They have been wonderful to draw and to use as a starting point for the world of knucklebones, offering a dizzying number of angles to explore in terms of games and playing, and making me further appreciate the lovely qualities and textures of bone.

The use of knucklebones (often referred to in Latin –astragalus, pl. astragali—or  Greek—astragalos, pl. astragaloi) for games, divination and/or in funerary contexts is remarkably widespread throughout the world. They started off being the actual knucklebones of sheep, goats, and other hoofed animals, but imitations of these bones would eventually make an appearance alongside them, crafted out of other bones or materials such as wood, stone, ivory, metal, or glass.

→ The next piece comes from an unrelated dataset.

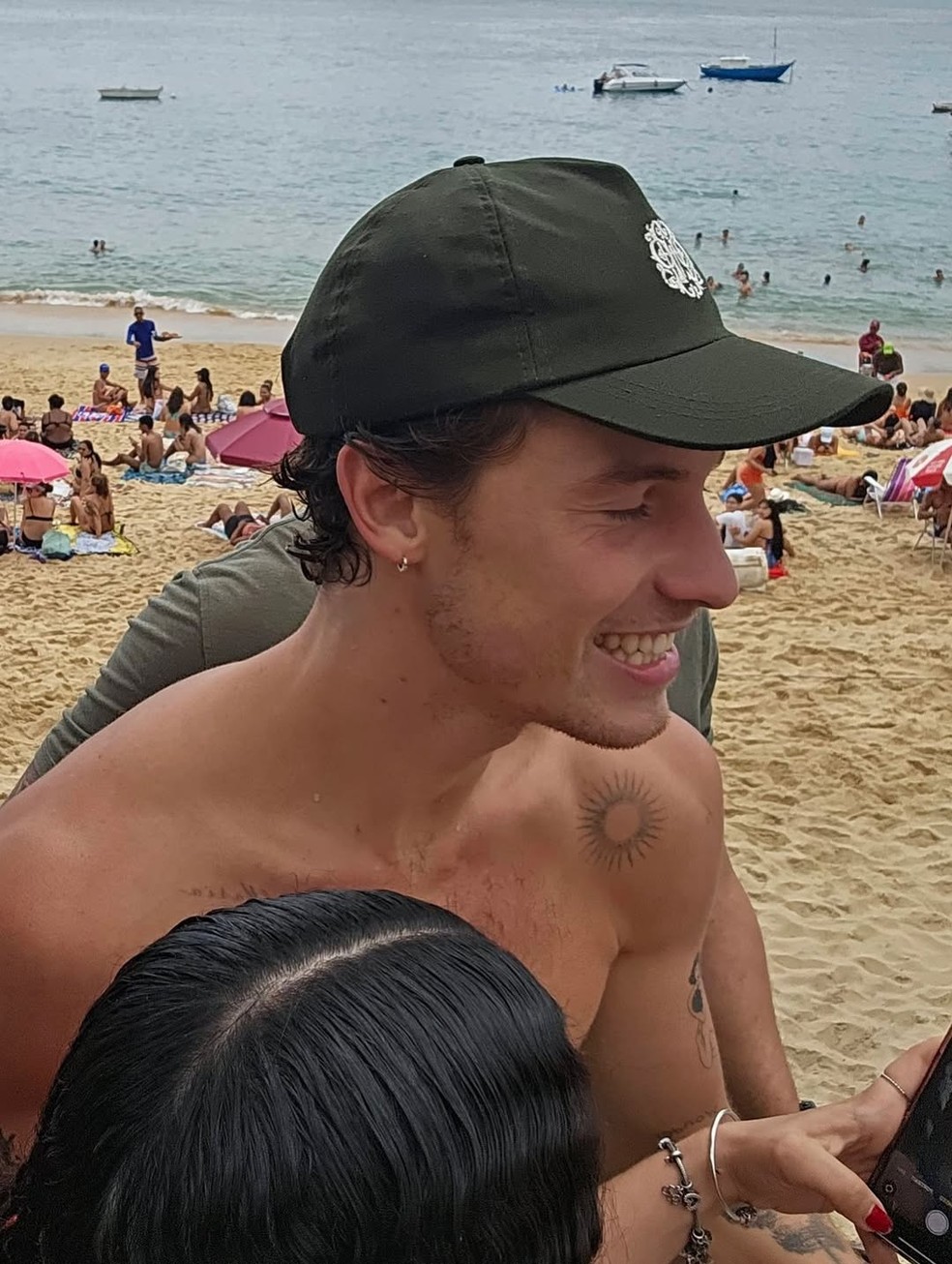 Shawn Mendes posa com fãs em praia de Salvador — Foto: Reprodução/Instagram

The ‘imitations’ would generally be made in roughly the same shape (e.g. this Egyptian one made from ivory, or these glass ones made centuries later in Greece) though sometimes the maker would create interesting variations while keeping to the shape – see this ‘bronze astragalus representing a dwarf’ at the British Museum (dated as ‘Classical’), this ape-shaped piece from 3rd-1st C BC Egypt at The Walters Art Museum, or these two baboons at the Met here and here, quite similar to the previous one.

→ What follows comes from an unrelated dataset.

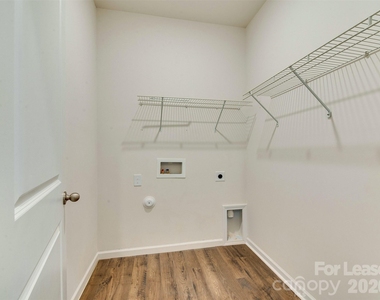 3721 Stanley Creek Drive - Photo Thumbnail 9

In Egypt, knucklebones were used initially as randomising devices in games, and are seen, among other things, as precursors of dice. I watched an interesting lecture by Dr. Ada Nifosi (Lecturer in Ancient History; University of Kent), entitled Astragalomaniacs: Knucklebones in the Ancient World (watch it here).  In it, I learned of another Egyptian randomising device which I had not heard of before: throw sticks (see these dating from the New Kingdom or this lovely one from c. 1400–1295 B.C.).

Throw sticks were used in sets of four or more and could dictate a player’s moves in a game depending on how they fell: landing flat surface or rounded surface uppermost. They seem to have been used before knucklebones, but Nifosi tells us that around the 16th C BC, players started to use two knucklebones that were assigned numerical values as an alternative to the more traditional four throw sticks.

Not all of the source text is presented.